**Problem description:** Transcribe only the lines in the data below falling between the line with "EGFR antibody, 3777P, Cell" and the line with "Symptom People Ignore", including those two lines, and leave out any picture.

+--

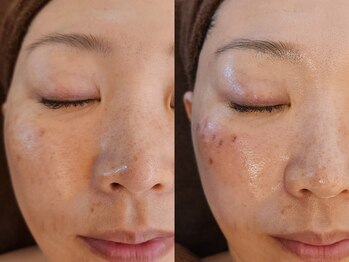 フリージア(Freesia)/　シミケア＋ヒト幹フェイシャル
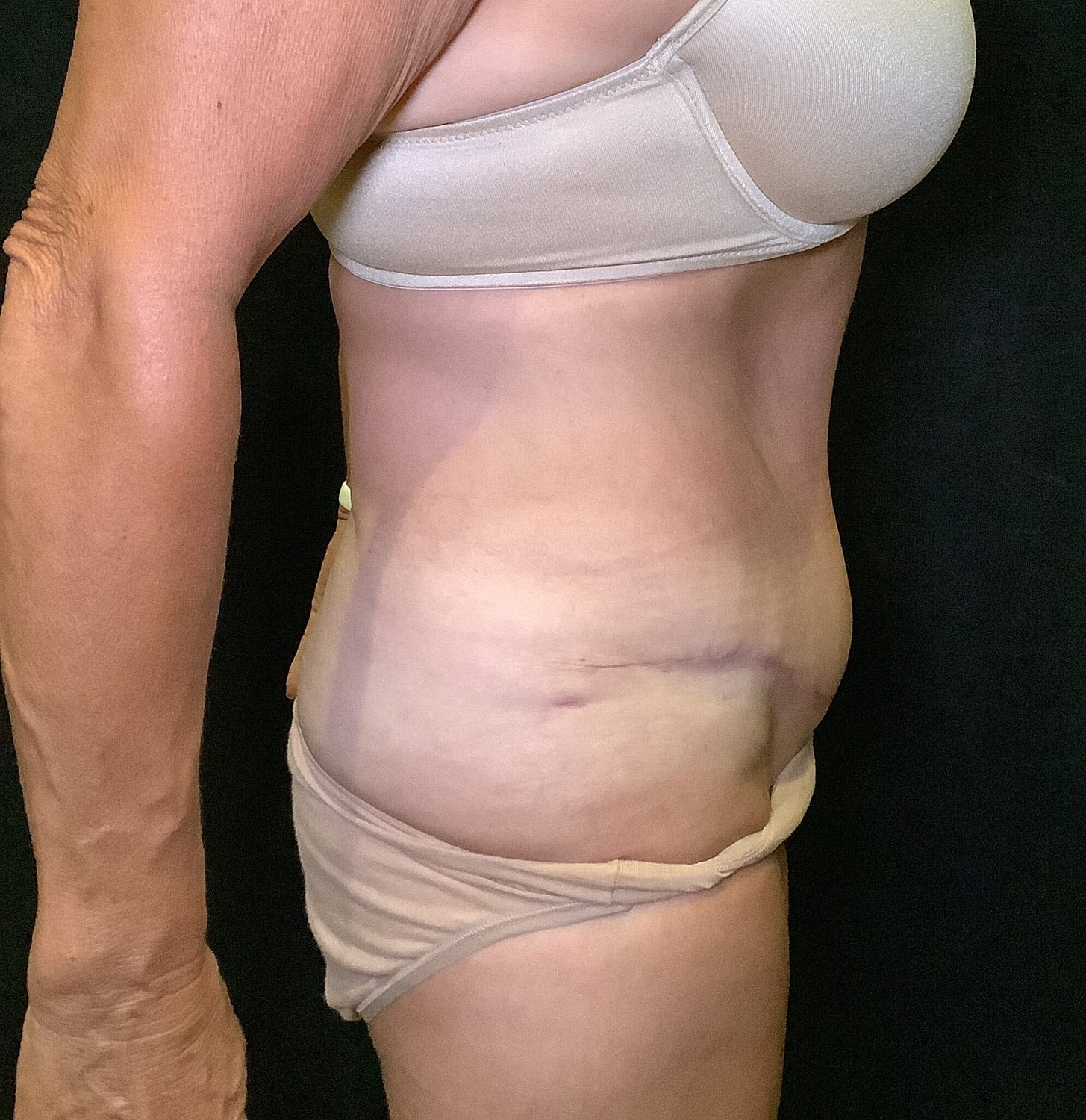 Tummy Tuck Before & After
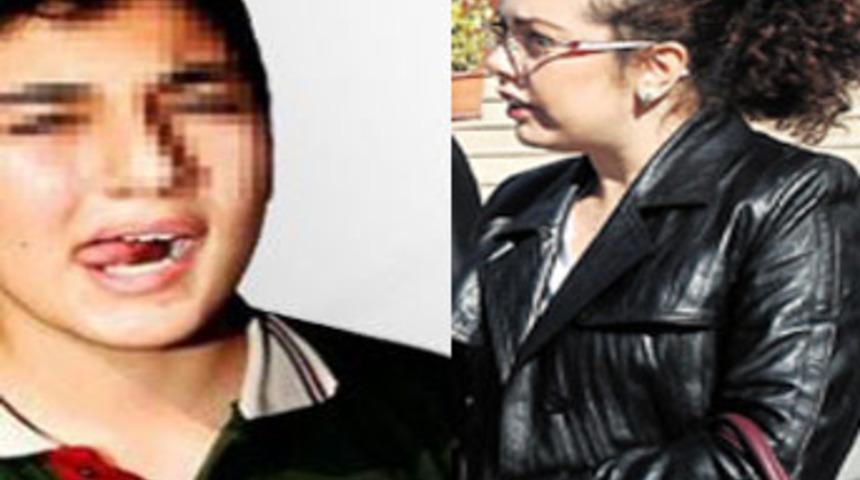 &Ouml;ğrencisinin dilini kesen &ouml;ğretmen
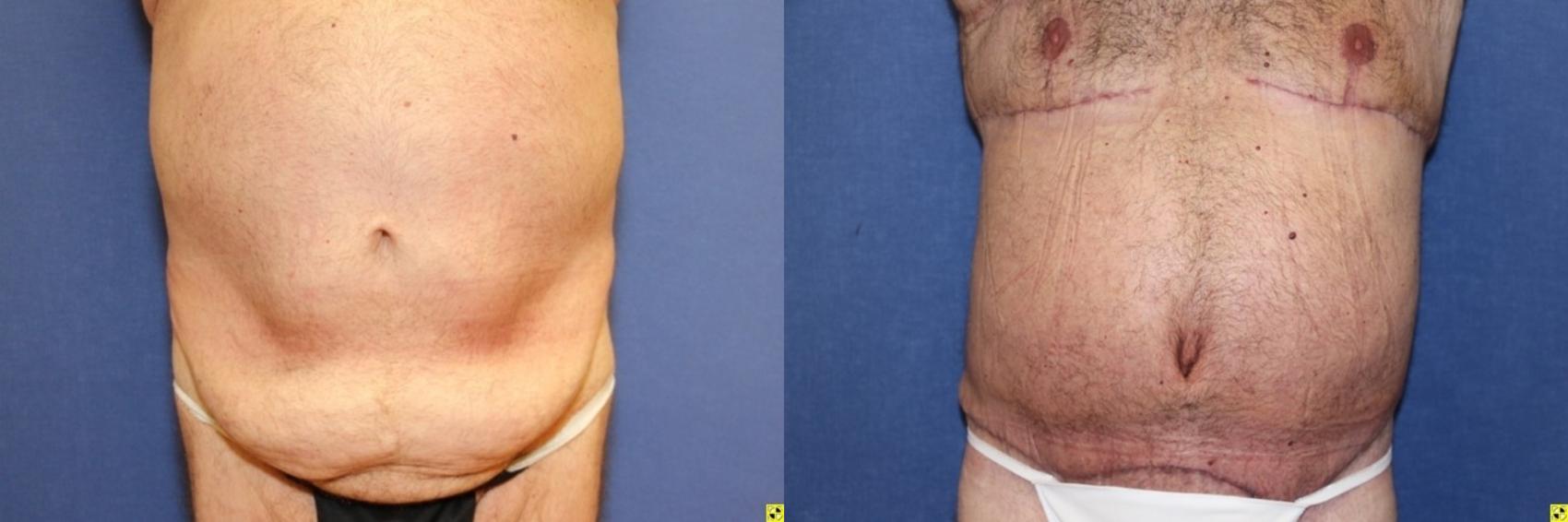 Before & After Tummy Tuck Case 261 Front View in Ann Arbor, MI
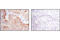 EGFR antibody, 3777P, Cell Signaling Technology, Immunohistochemistry paraffin image 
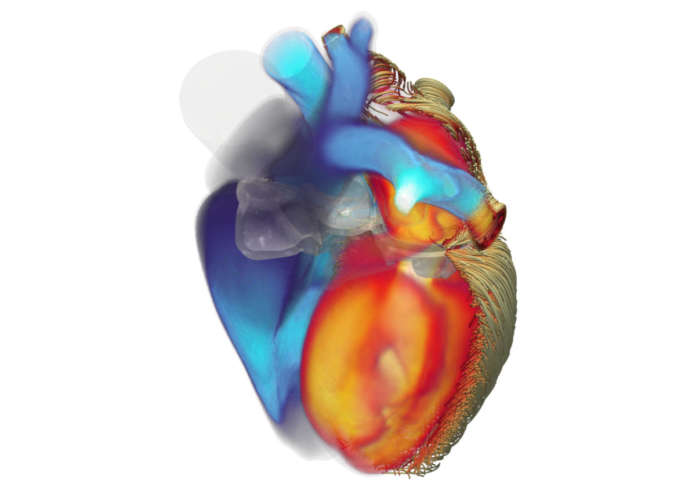 iHEART Simulator Politecnico di Milano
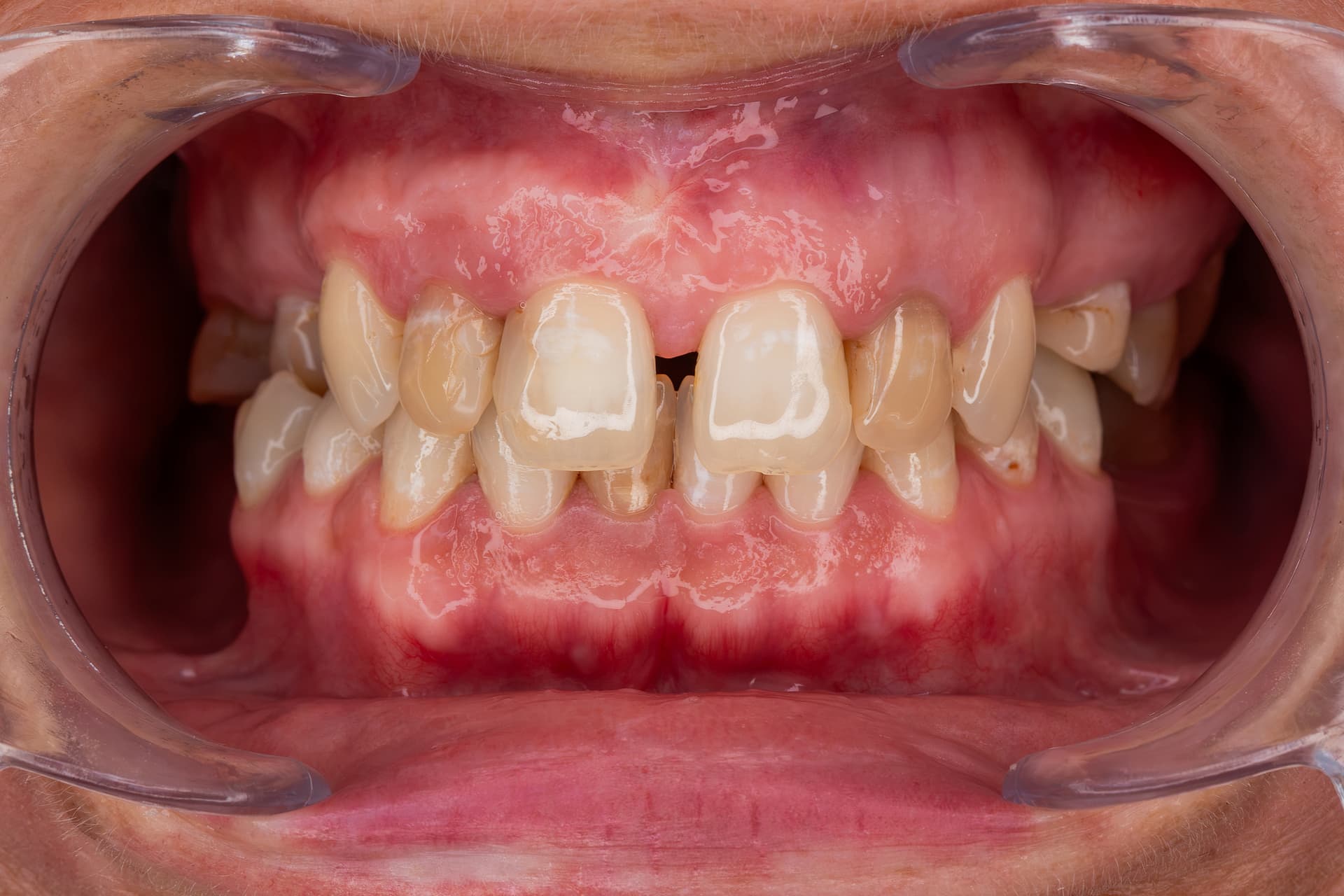 Stan zębów przed leczeniem – diastema i przebarwienia po leczeniu kanałowym – Gerczew Stomatologia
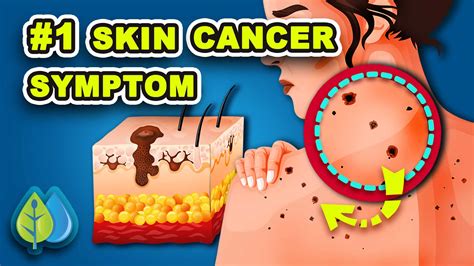 Skin Cancer Symptoms: #1 Symptom People Ignore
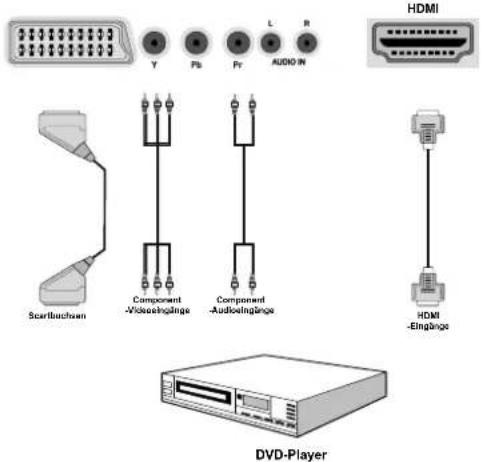 SCHAUB LORENZ 32LT511 - Anschluss eines DVD-Players - 1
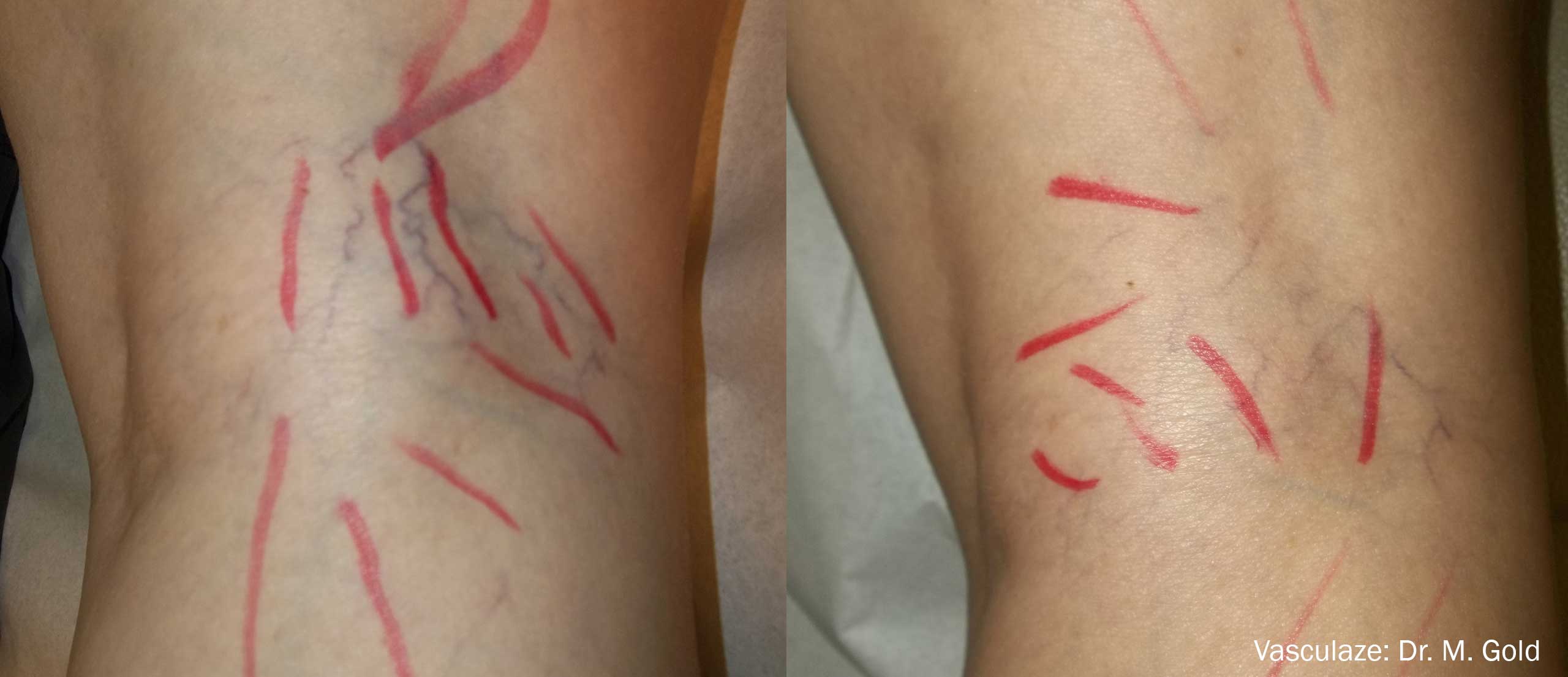 Vasculaze Before and After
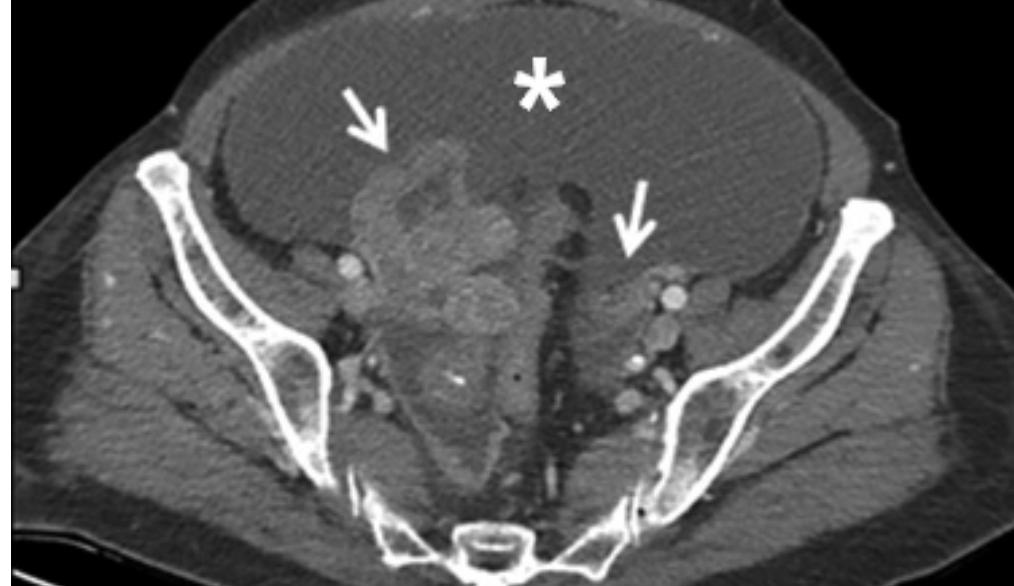 Venous phase image of abdominopelvic ct shows bilateral sol-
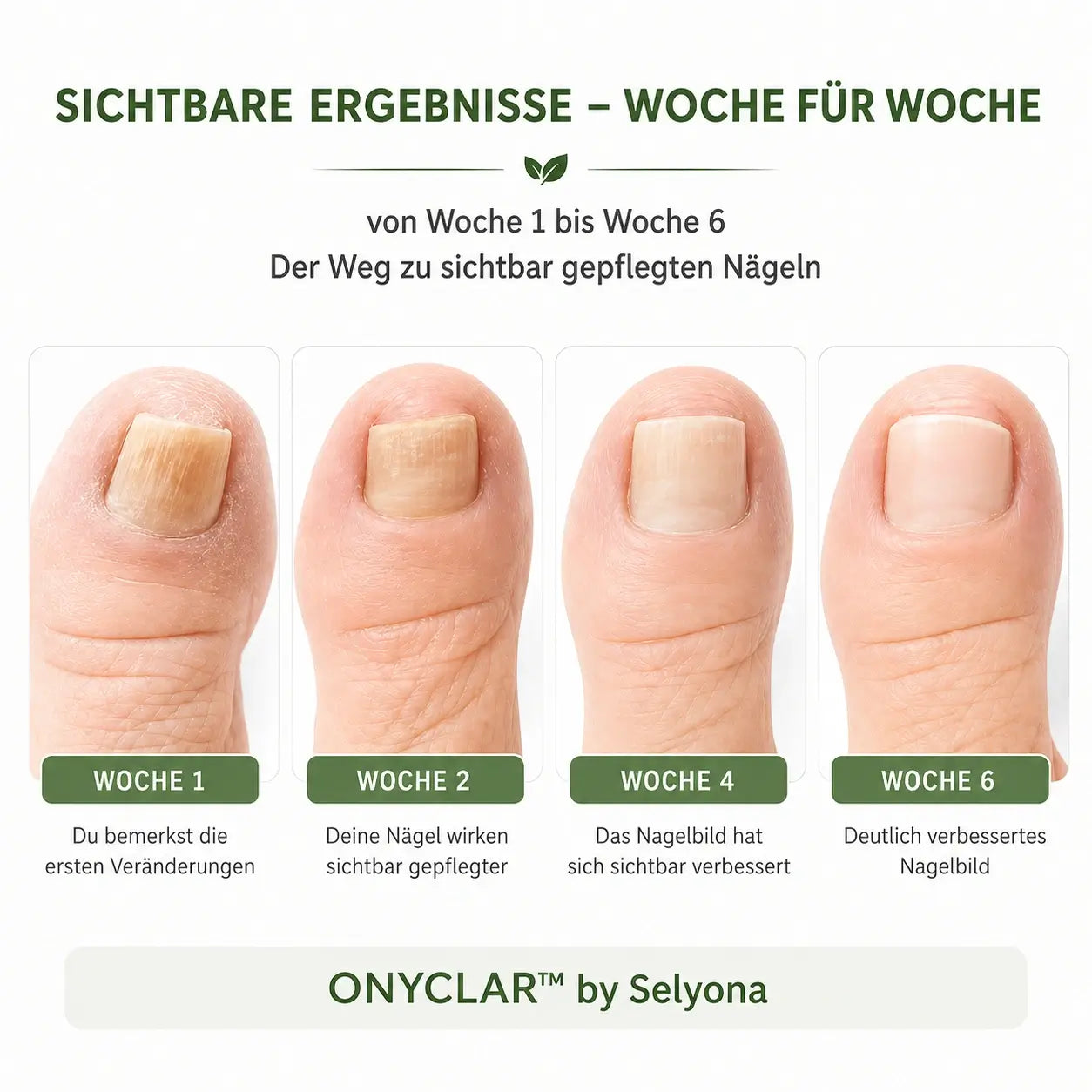 ONYCLAR™ Hydrogel Nagelpflaster
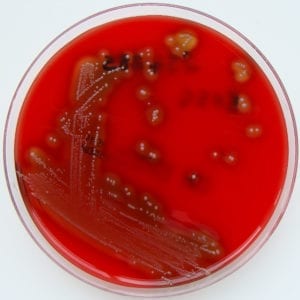 Streptococcus pyogenes on blood agar plate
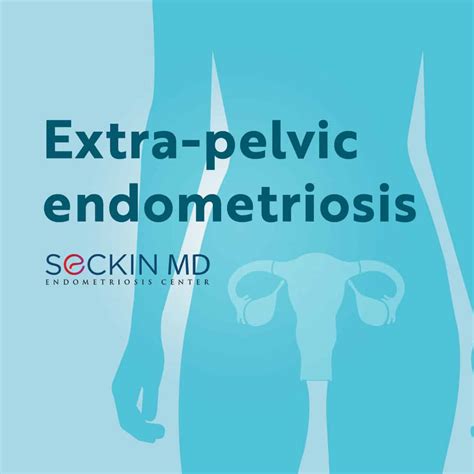 extra pelvic endometriosis seckin endometriosis center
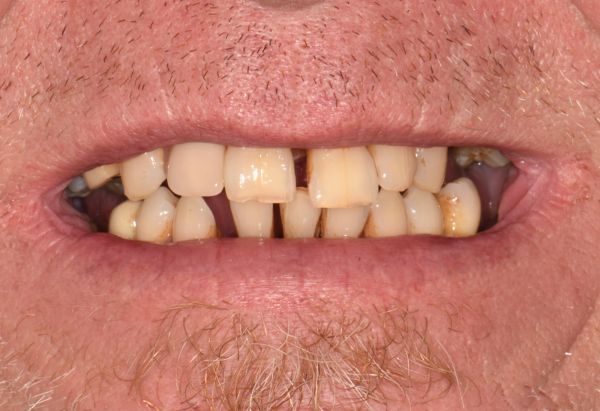 Before - Peacock Dental Spa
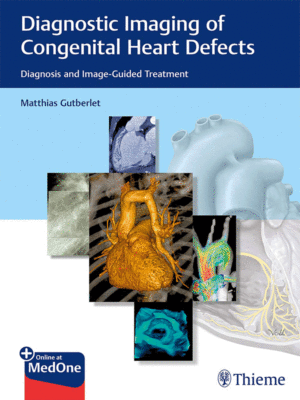 Diagnostic Imaging of Congenital Heart Defects: Diagnosis and Image-Guided Treatment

+--

**Task answer:**
 EGFR antibody, 3777P, Cell Signaling Technology, Immunohistochemistry paraffin image 
 iHEART Simulator Politecnico di Milano
 Stan zębów przed leczeniem – diastema i przebarwienia po leczeniu kanałowym – Gerczew Stomatologia
 Skin Cancer Symptoms: #1 Symptom People Ignore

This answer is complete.